The lambda (\(\lambda\)) parameter is the prior probability that any two records match. I.e. assuming no other knowledge of the data, how likely is a match? Or, as a formula:

\[ \lambda = Pr(\textsf{Records match}) \]

This is the same for all records comparisons, but is highly dependent on:

The total number of records
The number of duplicate records (more duplicates increases \(\lambda\))
The overlap between datasets
- Two datasets covering the same cohort (high overlap, high \(\lambda\))
- Two entirely independent datasets (low overlap, low \(\lambda\))

m probability¶

The \(m\) probability is the probability of a given observation given the records are a match. Or, as a formula:

\[ m = Pr(\textsf{Observation | Records match}) \]

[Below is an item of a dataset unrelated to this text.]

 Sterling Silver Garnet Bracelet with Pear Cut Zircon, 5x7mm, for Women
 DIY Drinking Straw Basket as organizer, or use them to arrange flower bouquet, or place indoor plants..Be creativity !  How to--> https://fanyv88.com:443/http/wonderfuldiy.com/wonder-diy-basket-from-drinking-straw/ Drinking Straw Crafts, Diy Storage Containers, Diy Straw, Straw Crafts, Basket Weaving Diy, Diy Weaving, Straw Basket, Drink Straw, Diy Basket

For example, consider the the \(m\) probability of a match on Date of Birth (DOB). For two records that are a match, what is the probability that:

DOB is the same:
Almost 100%, say 98% \(\Longrightarrow m \approx 0.98\)
DOB is different:
Maybe a 2% chance of a data error? \(\Longrightarrow m \approx 0.02\)

The \(m\) probability is largely a measure of data quality - if DOB is poorly collected, it may only match exactly for 50% of true matches.

u probability¶

The \(u\) probability is the probability of a given observation given the records are not a match. Or, as a formula:

\[ u = Pr(\textsf{Observation | Records do not match}) \]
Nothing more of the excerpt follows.